Como a ética do medo atua na instabilidade social

Geral
sábado, 12:12 - 29/04/2017

Em meio à pluralidade, polaridade e contínua instabilidade da ordem social, fenômenos estes que caracterizam nossos tempos, a sensação que nos aflora é de que a paz só se dá com poder temível. Por esse prisma, mesmo que soe paradoxal, podemos considerar que estamos vivendo uma era de ‘paz atômica’ e ‘dedo em riste’.
Uma paz, cuja pretensão aqui, não é restringi-la ao sentido bélico, mas, considerá-la na dimensão da convivência humana, em todas as esferas sociais. Uma paz regida pela ética do medo em detrimento da inteligência. Logo, imposta ao invés de conquistada na mansidão e sabedoria.
Admitamos então que kilotons de ogivas nucleares e um simples ‘dedo em riste’ configurem forças distintas em suas formas dimensionais, mas congêneres em seus efeitos, bastando apenas relativizar as circunstâncias. Teríamos razão suficiente para a inquietante reflexão: O que produziria maior efeito moral, a ameaça de um kiloton nuclear numa sociedade humilde, passiva e oprimida ou um gesto de ‘dedo em riste’ numa sociedade crítica e reconhecidamente evoluída?
Qualquer que possa ser essa resposta, ela será subjetiva, já que, historicamente, não vivenciamos os dois perfis de sociedade de forma simultânea. Mas se imaginarmos uma resposta sob a ótica da obediência, os kilotons numa sociedade humilde teriam, em tese, efeito moral supostamente eficiente. Já, se conjecturarmos pela ótica da coação, o ‘dedo em riste’ numa sociedade crítica e evoluída, tenderia a significar guerra declarada.
Agora, se a esta mesma paz associarmos mais dois elementos, a liberdade e a segurança, deduziremos que a ética do medo, ancorada nas duas forças obtusas, seria socialmente desagregadora e desestabilizadora.
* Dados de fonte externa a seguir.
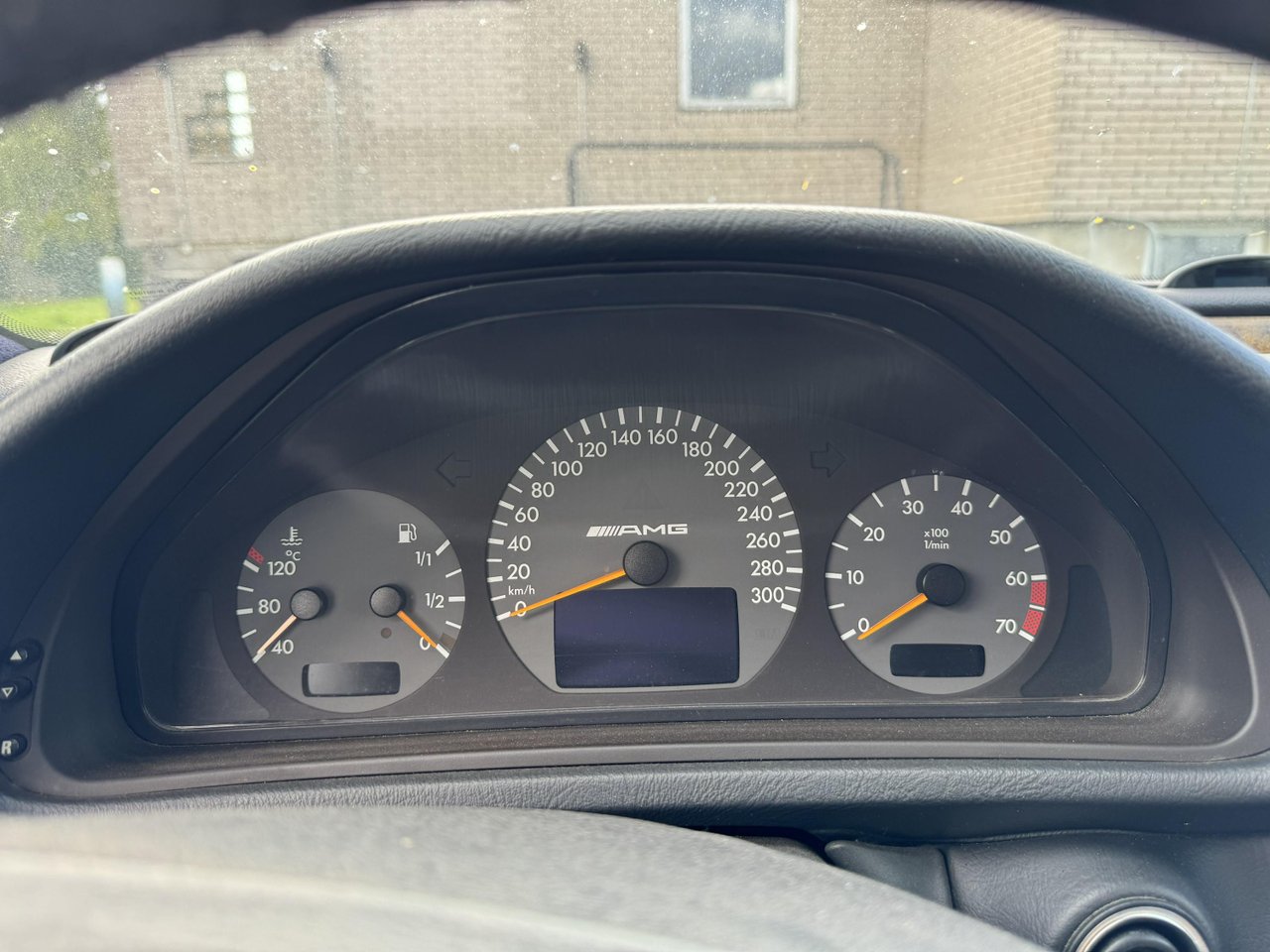 Mercedes-Benz CLK 55 AMG Coup...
Providencial se faz aqui o olhar de Bauman, mesmo considerado um pessimista em sua crítica à pós-modernidade: Sustenta ele que “as relações escorrem pelo vão dos dedos” e, por tal circunstância, “os burocratas modernos devem, em outras palavras, destacar-se em todas as habilidades justamente louvadas por seu papel-chave em assegurar as realizações espantosas pelas quais a ‘razão’ moderna é justamente apreciada e das quais nós, seus proprietários/usuários/beneficiários, somos (também corretamente) tão orgulhosos.
As emoções são muitas e falam línguas diferentes, às vezes discordantes, mas a ‘razão’ é uma só e tem apenas uma língua”. Como vemos, são reflexões cujas respostas plausíveis ainda são questão de tempo. Por enquanto, para satisfazer otimistas e pessimistas, como bem profetiza Harari em seu best-seller ‘Sapiens’, “podemos concluir dizendo que estamos no limiar do céu e do inferno, movendo-nos nervosamente dos portões de um para a antessala do outro. A história ainda não se decidiu sobre nosso destino, e uma série de coincidências ainda pode nos colocar em uma ou outra direção”.